| RECORDS FOR THE TASK |
□ □ □

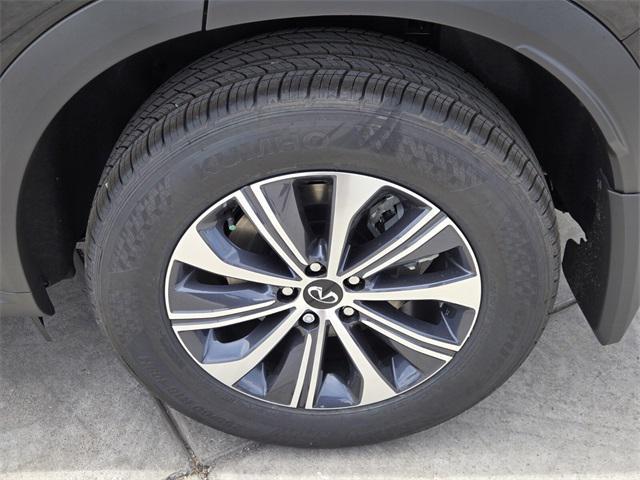 new 2025 INFINITI QX60 car, priced at $52,338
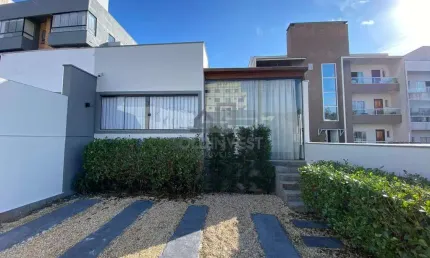 Casa mobiliada com 2 dormitórios no bairro limeira baixa-brusque!!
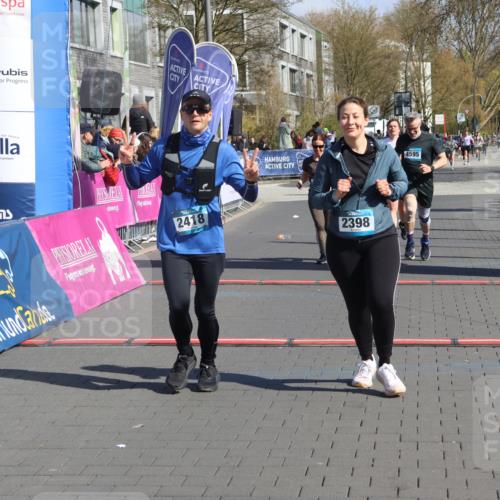 12.04.2026 - 45. Internationalen Wilhelmsburger Insellauf Strokosch-Dieckow http://msf.ph/oto/9456285 12.04.2026 11:02:55 Ziel 2418, 2398, 4595, 4597, 4825 meine-sportfotos.de
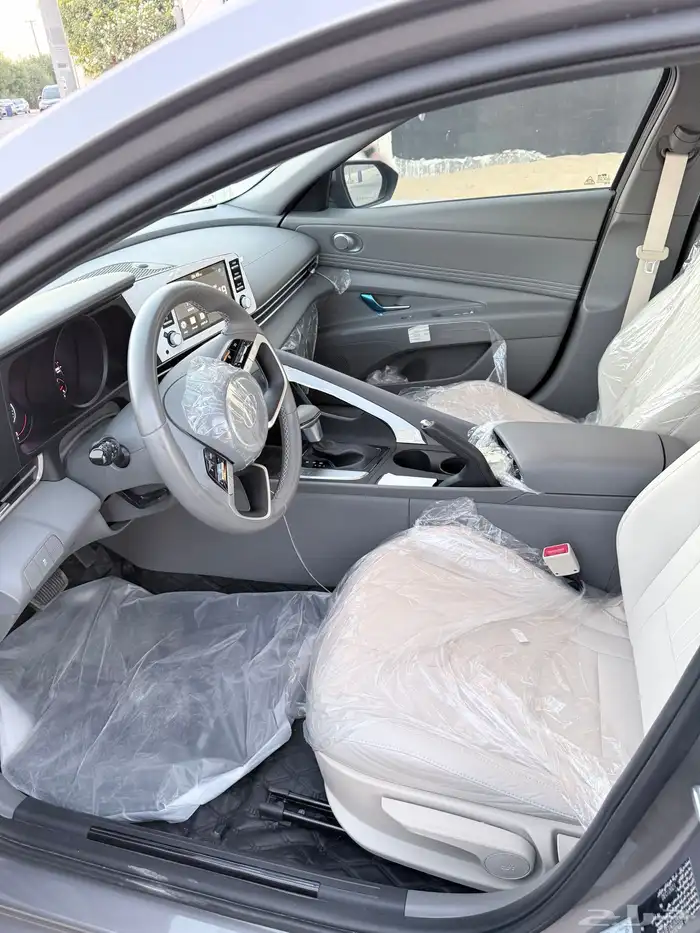 هيونداي إلنترا Smart 2022 23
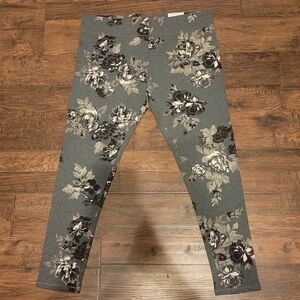 Mixit Gray Floral Leggings with Black and Cream Flowers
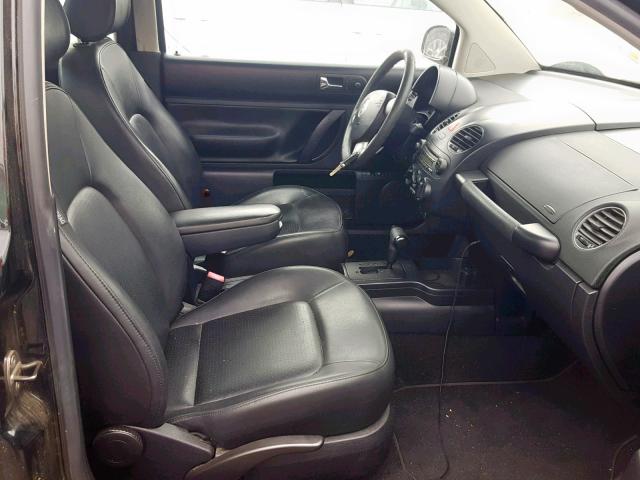 3VWPG3AG4AM010825 - 2010 VOLKSWAGEN NEW BEETLE Qara foto 5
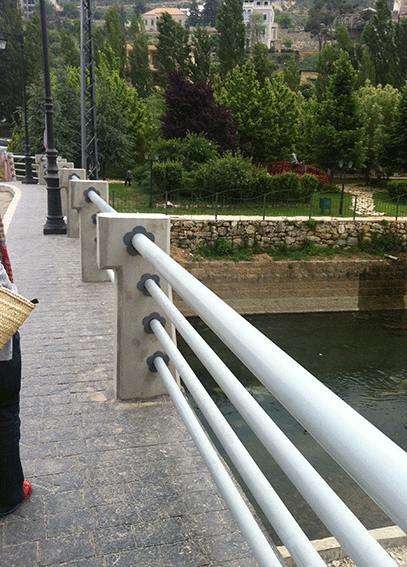 christian-zahr-bridge-balustrade-jezzine1.gif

□ □ □

| YOUR TASK |
Every entry should be repeated verbatim, with the pictures left out.

| EXPECTED ANSWER |
 new 2025 INFINITI QX60 car, priced at $52,338
 Casa mobiliada com 2 dormitórios no bairro limeira baixa-brusque!!
 12.04.2026 - 45. Internationalen Wilhelmsburger Insellauf Strokosch-Dieckow http://msf.ph/oto/9456285 12.04.2026 11:02:55 Ziel 2418, 2398, 4595, 4597, 4825 meine-sportfotos.de
 هيونداي إلنترا Smart 2022 23
 Mixit Gray Floral Leggings with Black and Cream Flowers
 3VWPG3AG4AM010825 - 2010 VOLKSWAGEN NEW BEETLE Qara foto 5
 christian-zahr-bridge-balustrade-jezzine1.gif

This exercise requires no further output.